Exercise instructions: In the material below, please retype the lines from the very first through the one with "220 Maple Dr, Oneida, NY 13421", exactly and without pictures.

Supplied records:
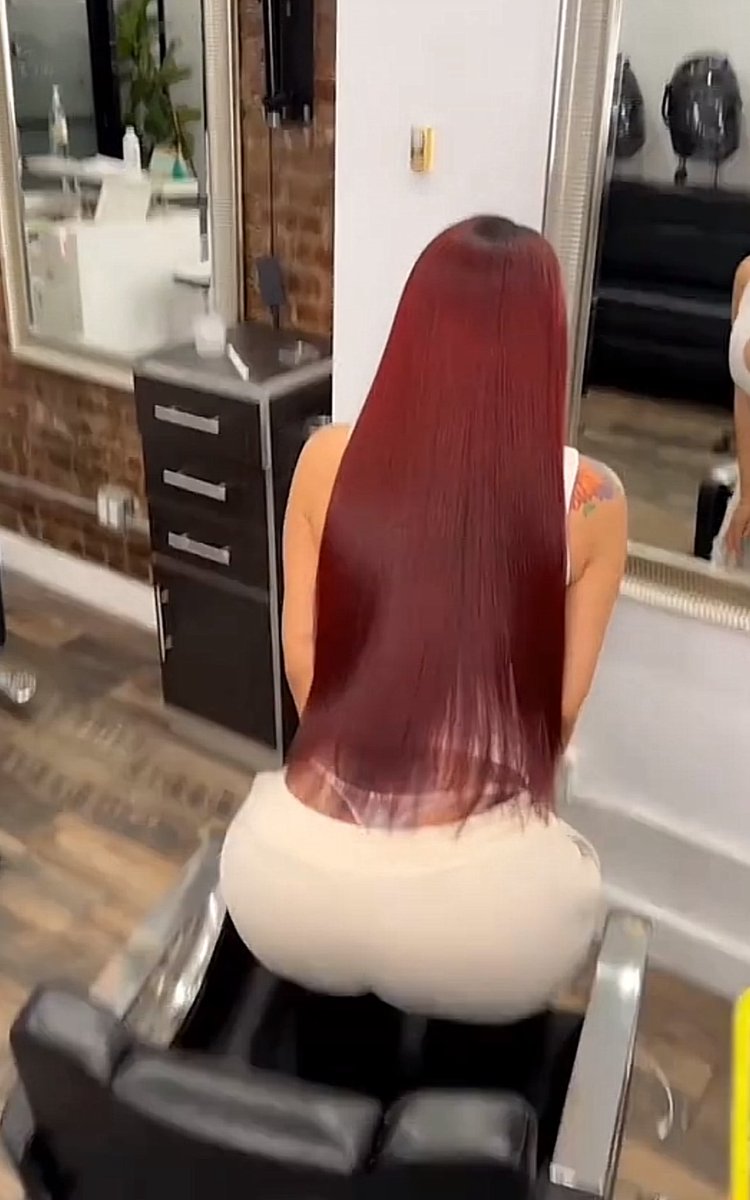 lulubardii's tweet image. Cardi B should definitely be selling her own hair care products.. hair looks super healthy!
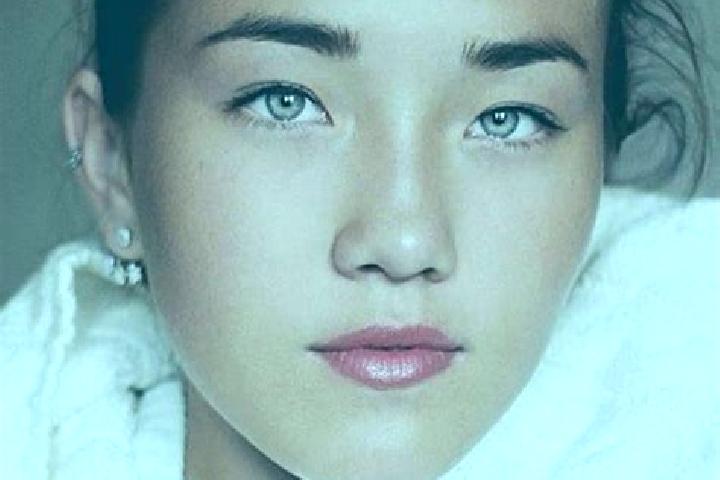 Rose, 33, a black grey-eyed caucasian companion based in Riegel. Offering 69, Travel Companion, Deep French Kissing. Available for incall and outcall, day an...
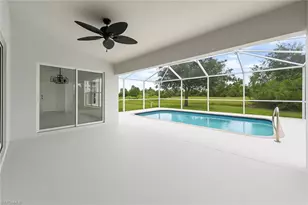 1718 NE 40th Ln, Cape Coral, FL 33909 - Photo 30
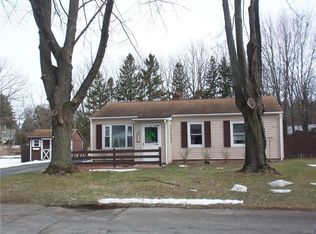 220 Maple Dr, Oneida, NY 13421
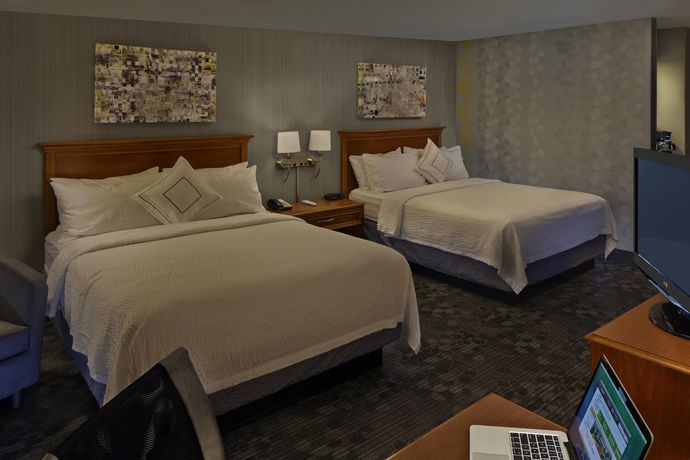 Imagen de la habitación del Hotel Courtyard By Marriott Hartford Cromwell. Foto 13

Reply to the task:
 lulubardii's tweet image. Cardi B should definitely be selling her own hair care products.. hair looks super healthy!
 Rose, 33, a black grey-eyed caucasian companion based in Riegel. Offering 69, Travel Companion, Deep French Kissing. Available for incall and outcall, day an...
 1718 NE 40th Ln, Cape Coral, FL 33909 - Photo 30
 220 Maple Dr, Oneida, NY 13421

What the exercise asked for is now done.